YOUR OBJECTIVE:
Repeat the entries without change, omitting the pictures.

DATA IN THIS EXERCISE:
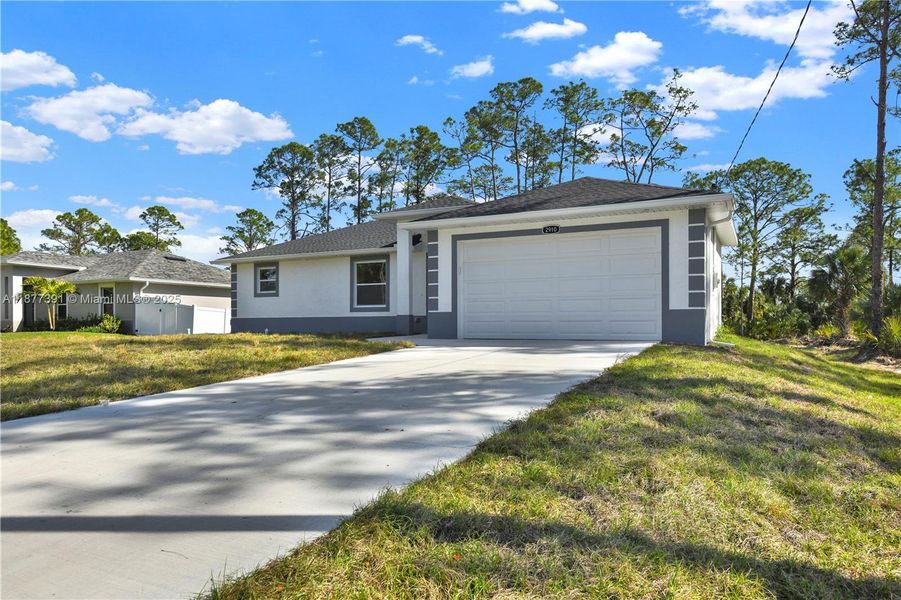 Front exterior of a new home in , Lehigh Acres, FL, highlighting curb appeal (Image 25). Front exterior of a new home in , Lehigh Acres, FL, highlighting curb appeal (Image 25).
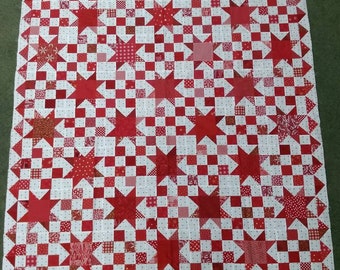 Red and white star quilt top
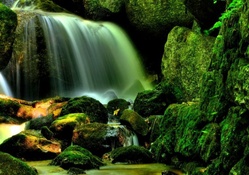 moss covered green waterfall hdr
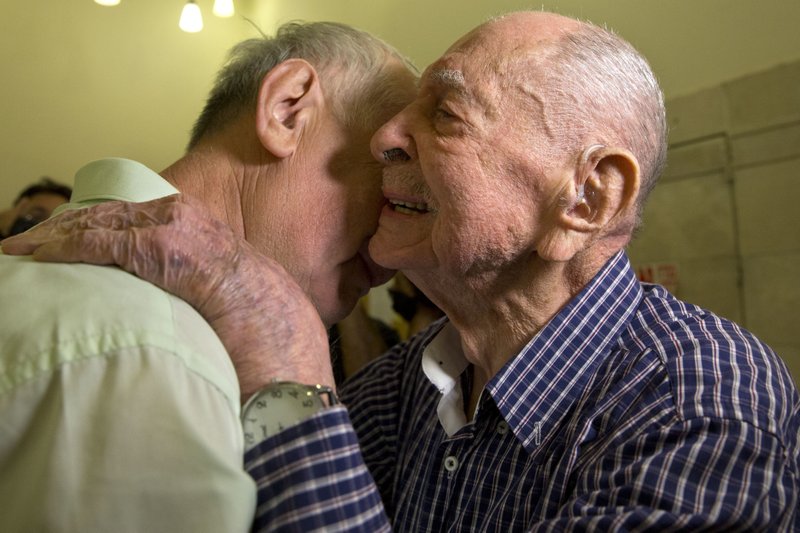 The Associated Press MEETING: Israeli Holocaust survivor Eliahu Pietruszka, right, embraces Alexandre Pietruszka as they meet for the first time Thursday in Kfar Saba. Pietruszka who fled Poland at the beginning of World War II and thought his entire family had perished learned that a younger brother had also survived, and his son, 66-year-old Alexandre, flew from Russia to see him.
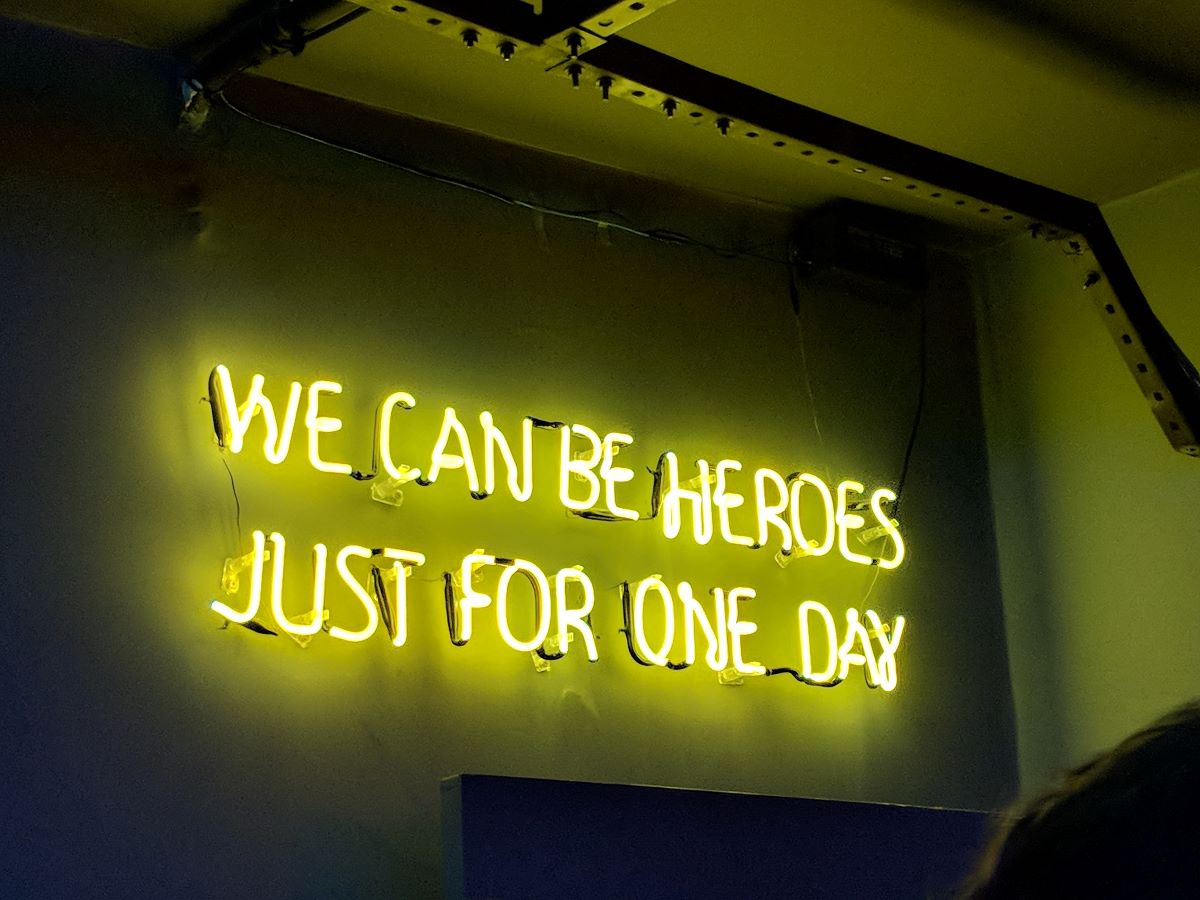 A neon sign that says "We can be heroes just for one day"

OUTPUT FOR THIS TASK:
 Front exterior of a new home in , Lehigh Acres, FL, highlighting curb appeal (Image 25). Front exterior of a new home in , Lehigh Acres, FL, highlighting curb appeal (Image 25).
 Red and white star quilt top
 moss covered green waterfall hdr
 The Associated Press MEETING: Israeli Holocaust survivor Eliahu Pietruszka, right, embraces Alexandre Pietruszka as they meet for the first time Thursday in Kfar Saba. Pietruszka who fled Poland at the beginning of World War II and thought his entire family had perished learned that a younger brother had also survived, and his son, 66-year-old Alexandre, flew from Russia to see him.
 A neon sign that says "We can be heroes just for one day"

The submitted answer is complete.